Старушка бессильно развела руками и, задыхаясь, паруся полами белого халата, полным ходом выплыла из комнаты. Так фрегат, начиненный порохом, вынужден отступить под огнем противника, чтобы самому не взорваться.

Муся и Катя испуганно посмотрели на Лилю.

— Пойдем, пожалуйста, Катя! — сказала Муся чрезвычайно воспитанным тоном. — Повесим, пожалуйста, гирлянду на террасе, пожалуйста. — И девочки чинно вышли из комнаты.

А на их месте устроились Юра и Пинька. Они разостлали на полу длинную кумачовую полосу, расставили баночки с белой и синей краской, разбросали карандаши, линейку, циркуль… Можно было подумать, что они собираются открыть художественную мастерскую, а они всего-навсего хотели написать на кумаче: «Добро пожаловать!»

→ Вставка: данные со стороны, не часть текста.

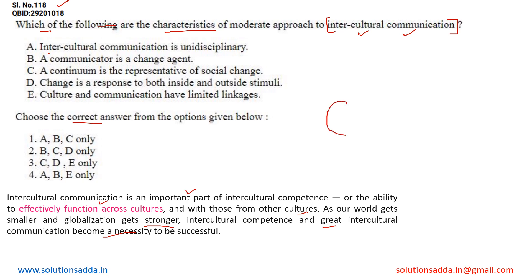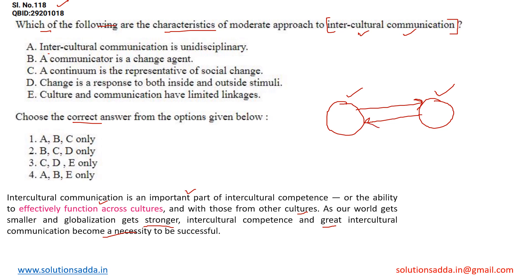What they are trying to say is: we have a culture where a group of people is following in a region, and there is another region in which another culture is followed by the people. The communication between these two cultures' people is called intercultural communication, and studying about other people's religion and understanding their ethics is part of intercultural communication. So we are talking about two different regions. Statement A says intercultural communication is unidisciplinary. Unidisciplinary means talking about a single entity, but intercultural clearly involves more than one participant. So option A is incorrect, and we can eliminate the options in which A has been included — options one and four.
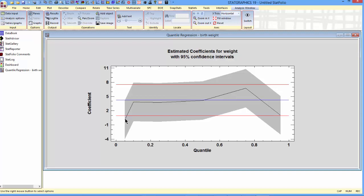On the other hand, at 0.05 and 0.95, those are the extreme tails of the distributions, the coefficient is actually much less, much closer to 0. Weight does not have as much effect in the tails of the distribution than it does in the center.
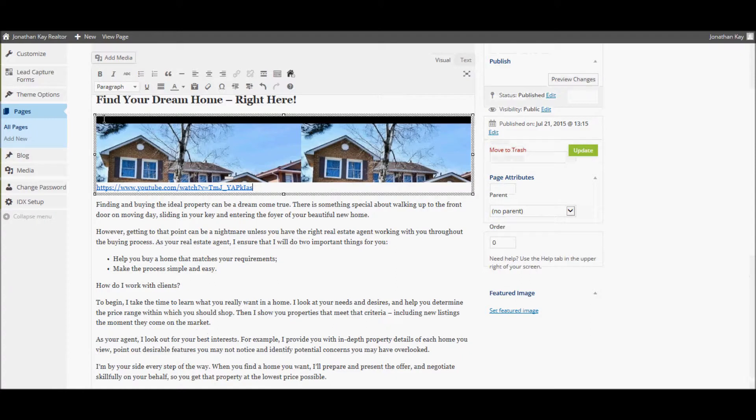You will see that an embedded video that can be clicked on to play right in the page is automatically added.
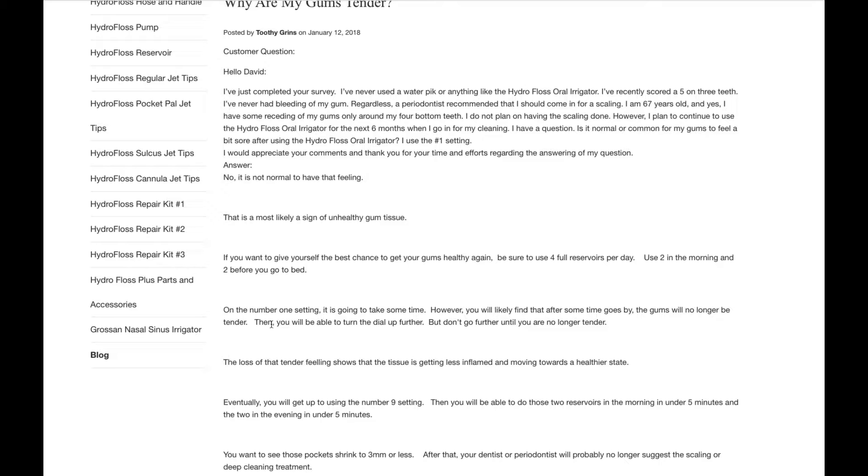If your gums are tender, then turn it down to a lower setting. And as time goes by and your gums get healthier, you can turn that knob back up again. Eventually, you'll get up to the number 9 setting, which is the highest.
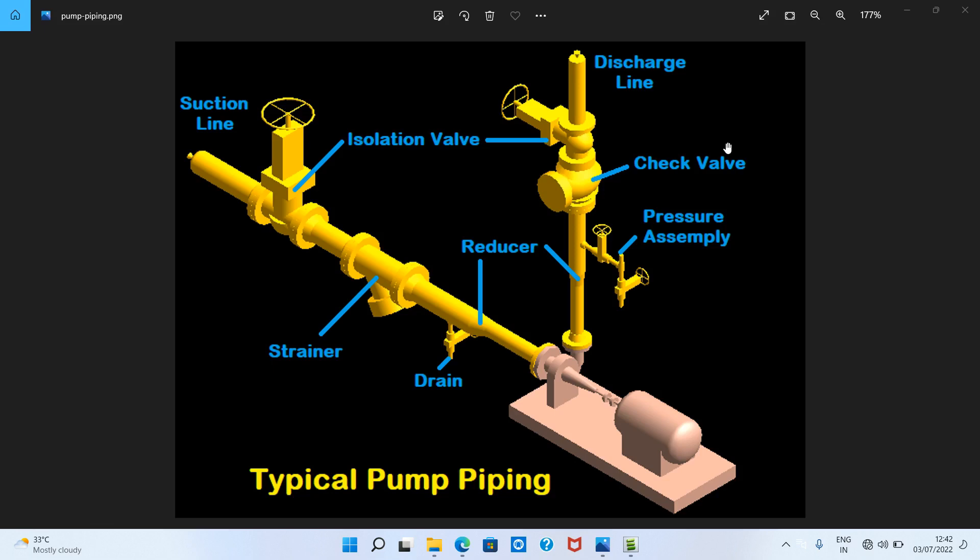Suction piping are simply tubes that transport fluid from one end to another in a pump system. The suction line is a tube that transports fluid from your source to a pump.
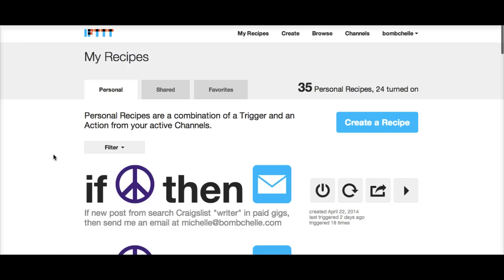This particular example is how you can use it to save time checking job boards if you're a freelancer or even if you're job hunting. You can use it to save time checking Craigslist, checking the multiple different boards, and just make it so that anytime something new gets posted, it immediately gets emailed to your inbox.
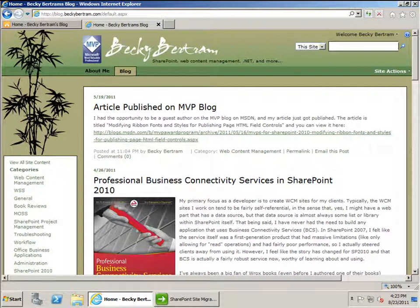As a small business owner, my blog at blog.beckybertram.com is an important part of my marketing strategy. Since my only asset is myself and my knowledge, helping others out by sharing that knowledge is a way of building confidence in my clients that I can be of help to their organization as well.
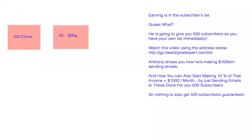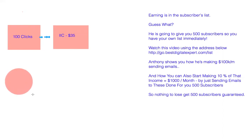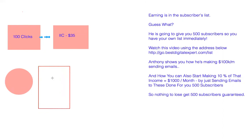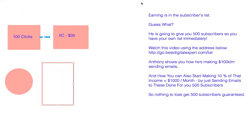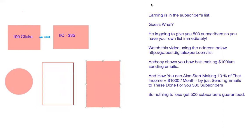So now we're going to understand the process of how you're going to proceed with this funnel. Right now you're simply direct linking the person to the offer. But now they're going to add another element. Let's consider this circle as your solo ads, and this page as your opt-in page, and this particular page as the offer page.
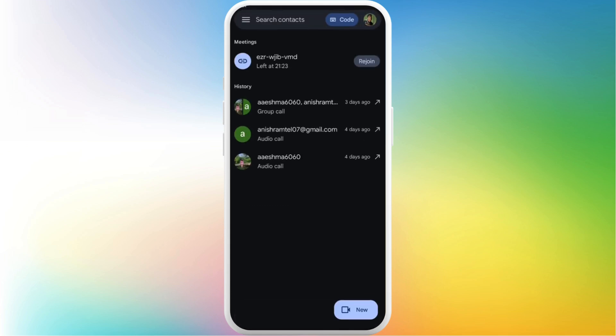There you go you've successfully left this Google meeting room. You are no longer in this meeting room anymore.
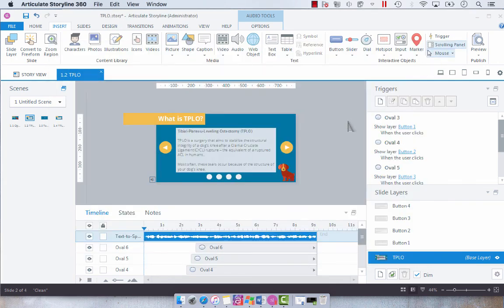And so it's just that easy to use text-to-speech in Articulate Storyline 3 or 360.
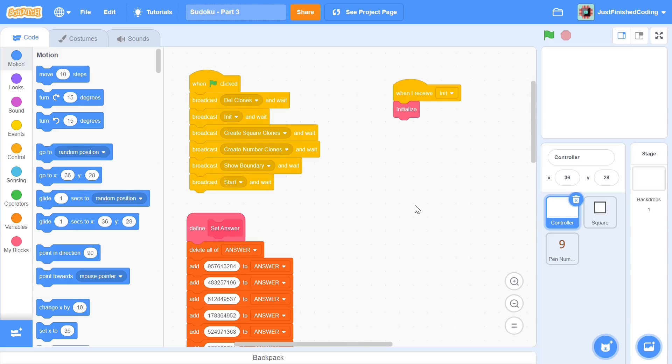Hello everyone and welcome back to Just Finished Coding. This is part 3 of our Sudoku series on Scratch 3. So without further ado, let's get right into it.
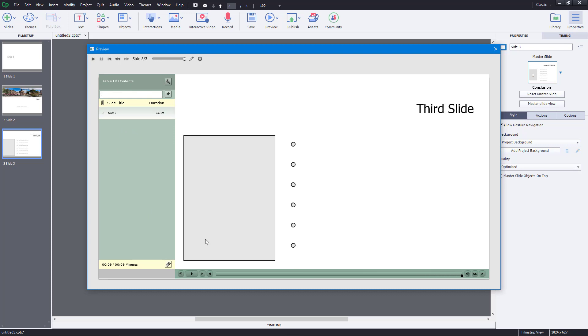That is how you can work with table of contents inside Adobe Captivate. Hope you guys learned something, and as always please like, comment, share, and subscribe.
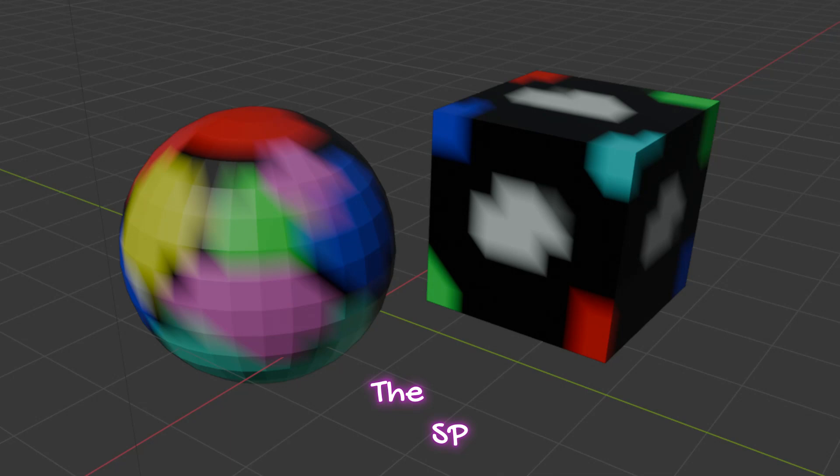Hi, in this video we'll learn how to use color attributes or vertex color or vertex paint in Blender. Let's start.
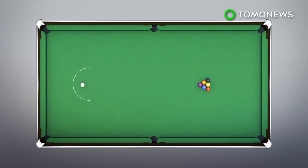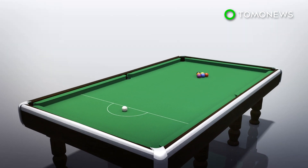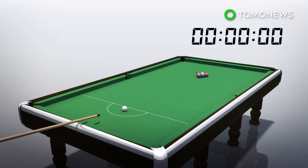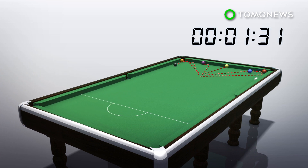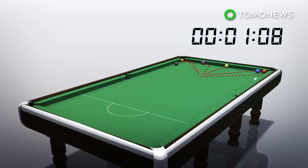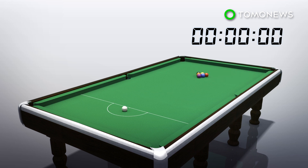The researchers used the example of balls on a pool table. Imagine them formed in a pyramid shape at the center and then being hit, causing them to disperse. Now imagine the process in reverse — the balls retrace the path they took when they were hit and return to the original triangular formation. This is similar to what the researchers accomplished with quantum bits.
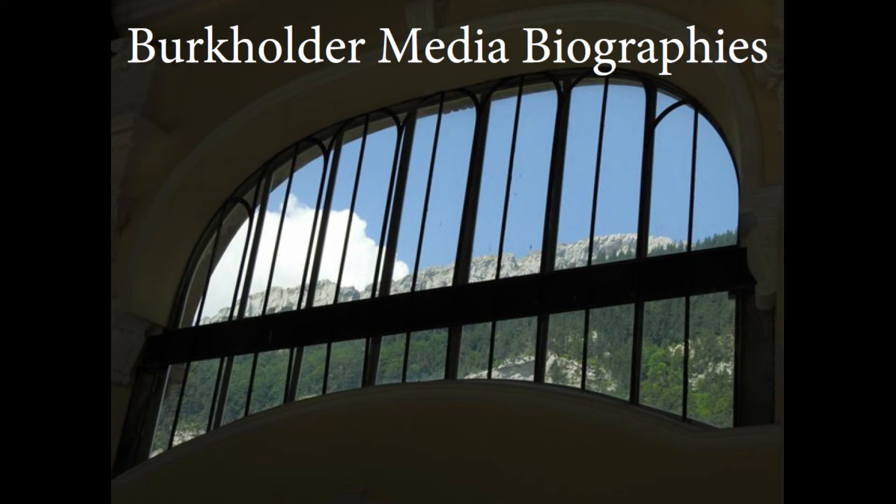But, as an illustration of the vicissitudes such edifices are destined to undergo, it may be stated that Crosby Hall, after having witnessed the splendors of royalty and been consecrated to the solemnities of divine worship, was lately, perhaps it is still, dedicated to the inferior, if not ignoble, uses of a woolpacker.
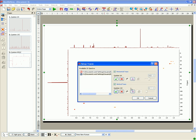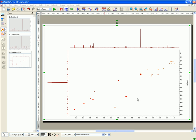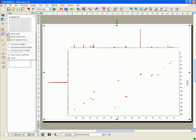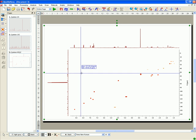You can also select the traces directly from the 2D NMR spectrum by using the Select Traces Graphically tool in the Show Traces scrollbar menu.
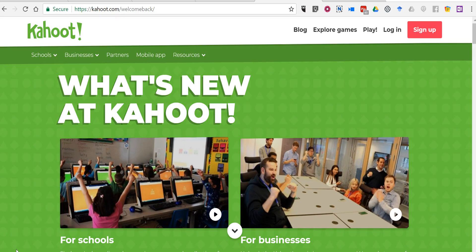Hi, I'm Richard Byrne. In this video I want to show you a new feature of Kahoot: the option to share your games through the Remind messaging service.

Дело как будто не хитрое, но Юра пыхтел и кряхтел, неуверенно водя мелком. Это, правда, не мешало ему возражать Лиле:

— Нет, ты не думай, у нас хорошо. Вот сегодня Ольга Павловна приедет с ребятами, с педагогами. Обещала волейбольную сетку привезти и шахматы. И даже радио.

— А кто это Ольга Павловна?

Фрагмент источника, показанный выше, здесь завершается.